• [WORK INSTRUCTION]:
An exact transcription of all the records, free of pictures, is the expected answer.

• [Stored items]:
# # #

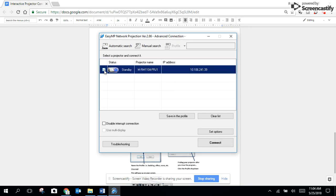So I'm going to click on that one and I'm going to click Connect.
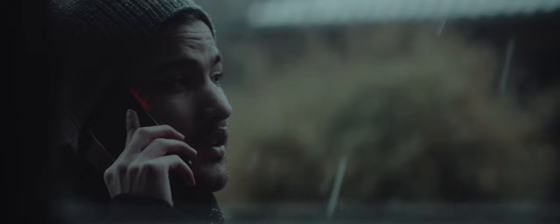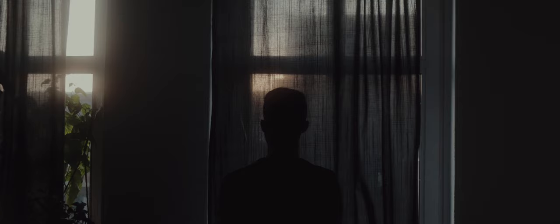No matter if it's freezing cold, raining all day, while the sun is coming out from behind the clouds again.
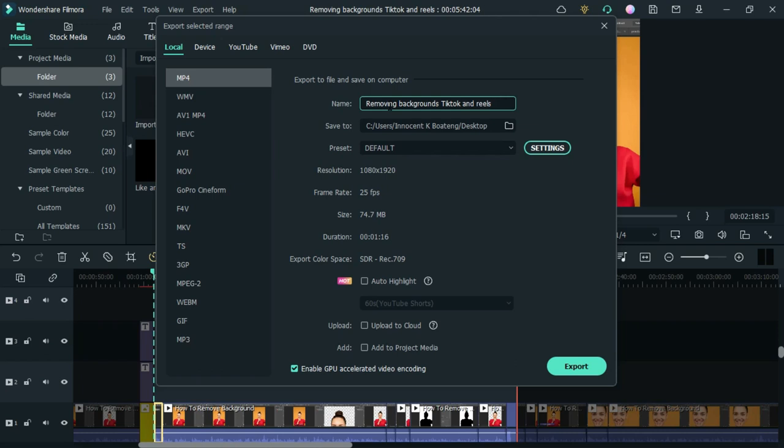Yes, that is how you can export a part of your timeline in Wondershare Filmora 11.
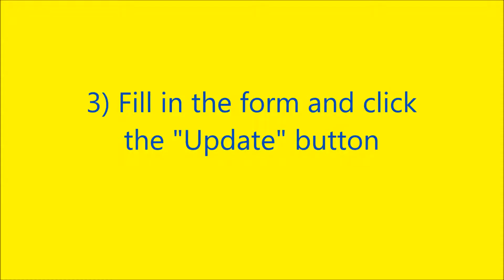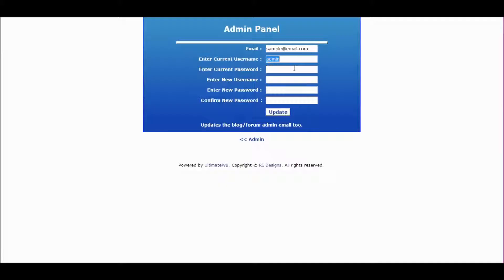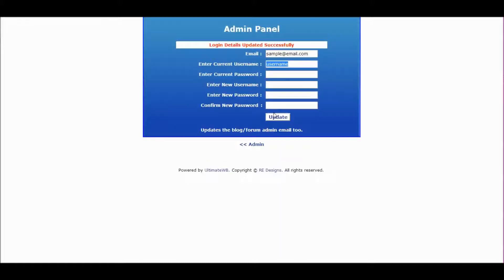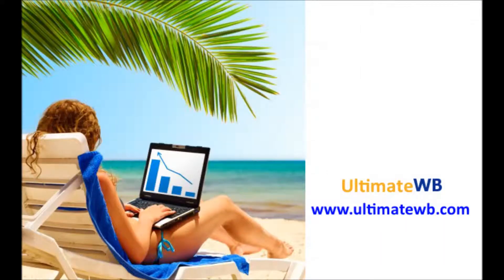And finally, Step 3: Fill in this form and click the Update button. Thank you.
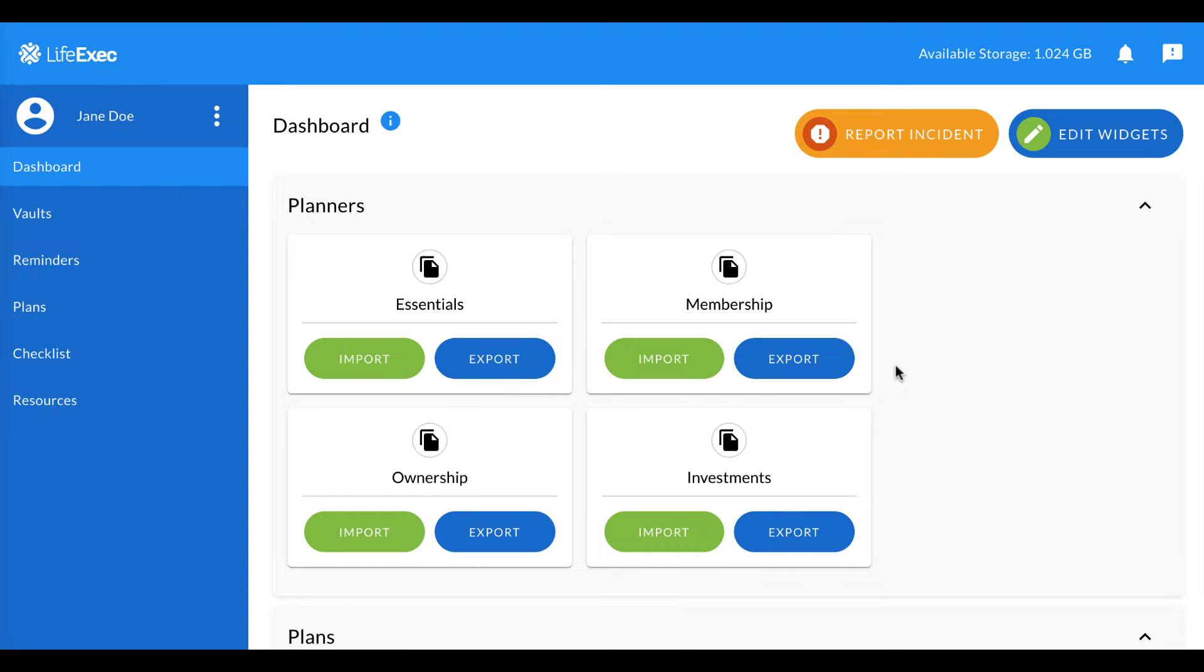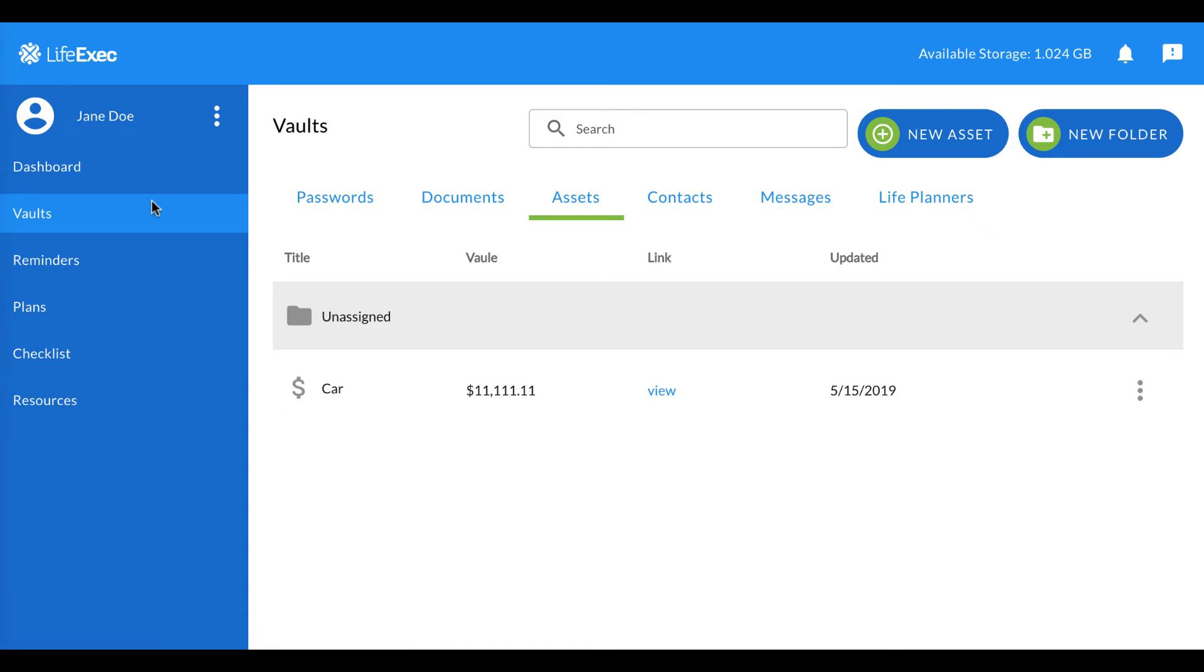To begin, scroll over to the left-hand panel and click Vaults. Go to the Contacts tab and click on it.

# # #

• [OUTPUT]:
So I'm going to click on that one and I'm going to click Connect.
No matter if it's freezing cold, raining all day, while the sun is coming out from behind the clouds again.
Yes, that is how you can export a part of your timeline in Wondershare Filmora 11.
And finally, Step 3: Fill in this form and click the Update button. Thank you.
To begin, scroll over to the left-hand panel and click Vaults. Go to the Contacts tab and click on it.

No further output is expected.